# Repairing Gouged Mill Table



## markba633csi (Sep 18, 2015)

How would you guys (and gals) repair a deeply gouged mill table?  I would think welding and brazing carries too much risk of warping and cracking.  Is epoxy the safest method? I just read about Devcon's ceramic-filled epoxy product (WR-2) and it looks interesting.  Today I saw an Emco FB-2 mill with collets and I would have bought it except for the deep rip in the table, probably 1/4" deep,  long and nasty.
Mark S.
Mt. View, Ca
Atlas Mk2 lathe, Unimat DB200


----------



## chips&more (Sep 18, 2015)

Hi neighbor, I hear yah! There is nothing worse than an ugly fubar in the mill table. But it’s all in the eye of the eye of the beholder. Because most of the fubars are just that, ugly, but not a functional upset. If I was to repair a fubar, I would use Devcon liquid steel. I have used it for the very said reason and got excellent results. And like you said, using heat I think would be a very bad idea. Good Luck on your projects, Dave.


----------



## pineyfolks (Sep 18, 2015)

I used steel epoxy on my drill press table. It worked fine. On a mill I would cover it with a plate with a series of drilled and tapped holes in line with the t-slots and some reamed holes for locating pins.


----------



## Andre (Sep 18, 2015)

My mill was previously abused in a factory, it has hundreds of craters all over and a ton in the back of the table. Once I stoned down the burrs and put a vise on it I never really cared about it, but fiberglass bondo or other industrial filler/epoxy should work. Just make sure its sanded or scraped down to the same level as the table.


----------



## kd4gij (Sep 18, 2015)

Can you post a picture of it?


----------



## Bill C. (Sep 18, 2015)

I've been in shops where either the vise or bed had milled slots or drilled holes.  I know accidents happen and Monday mornings can be rough when one is not fully awake. Half the time the holes are coolant traps that have to covered when cleaning off the mill.


----------



## ronzo (Sep 19, 2015)

A little diversion: I've told this story before. An associate of mine in a tool room worked for a manager who was a stickler for care and upkeep of the machines. Cleaned & washed down etc. on a regular basis etc. So, this guy was the first to use a spanking brand new Bridgeport. He had a job set up on the table drilling holes etc. When he removed the workpiece he saw that he had accidentally drilled a small hole smack dab in the middle of the table. What to do, what to do, so he opened up the hole and tapped it 1/4 -20 and stamped "OIL" next to it. He got away with it for a long time until a new oiler asked the boss why he couldn't get any oil down that hole.

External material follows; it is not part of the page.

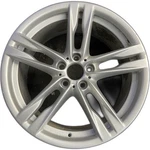 Rear Bmw 650I 640I Oem Wheel 20" 2012-2019 Alloy Original Factory Rim 71524 Used. Price: $449.97.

Sent from my iPad using Tapatalk


----------



## Silverbullet (Sep 19, 2015)

I'm with you fill them with the Devcon steal , file them flat and shape as needed.


----------



## Billh50 (Sep 19, 2015)

I filled some holes in the bottom of a vice with JB Weld and then filed down flat to the surface. Been that way for about 5 years now with no problems.


----------



## sidecar580 (Sep 21, 2015)

For holes.....I drill the table, from the spindle, the correct size for the cast iron plugs that I had centerles ground. Hammer into the hole....peen over.....and file flush.
JOHN


----------



## 4GSR (Sep 23, 2015)

My mill table look like it was used for an anvil.  Once I got it cleaned up, stoned all over, top and bottom, I had a buddy of mine take and had it surfaced ground, to cleanup most of the dings.  Turned out nice, still have a few drill divots that someday may fix them as Sidecar 580 mentioned to do.


----------



## rdhem2 (Sep 30, 2015)

I have repaired drill and milling vices that were being pitched because of holes, nicks and boo-boos.  Pain in the butt to use as all the holes were just chip and coolant traps. On a whim I just used automotive bondo, worked them smooth and level, a quick coat of paint and all is well.  Been several years now, bondo still looks good, vices are still serviceable and all is well.  Really thought the bondo would work loose with all the oil and fluids.  Not so.  Glad I really hosed them down clean with solvent before I applied the bondo.


----------



## Primitive_Pete (Nov 24, 2015)

What type of stone do you guys recommend. My mill table has beaten with the ugly stick!


----------



## Mark in Indiana (Nov 25, 2015)

I've used Devcon Liquid Steel for those type of repairs. It's pricey and smells like rotton gym socks while you're working with it, but it's tough stuff.


----------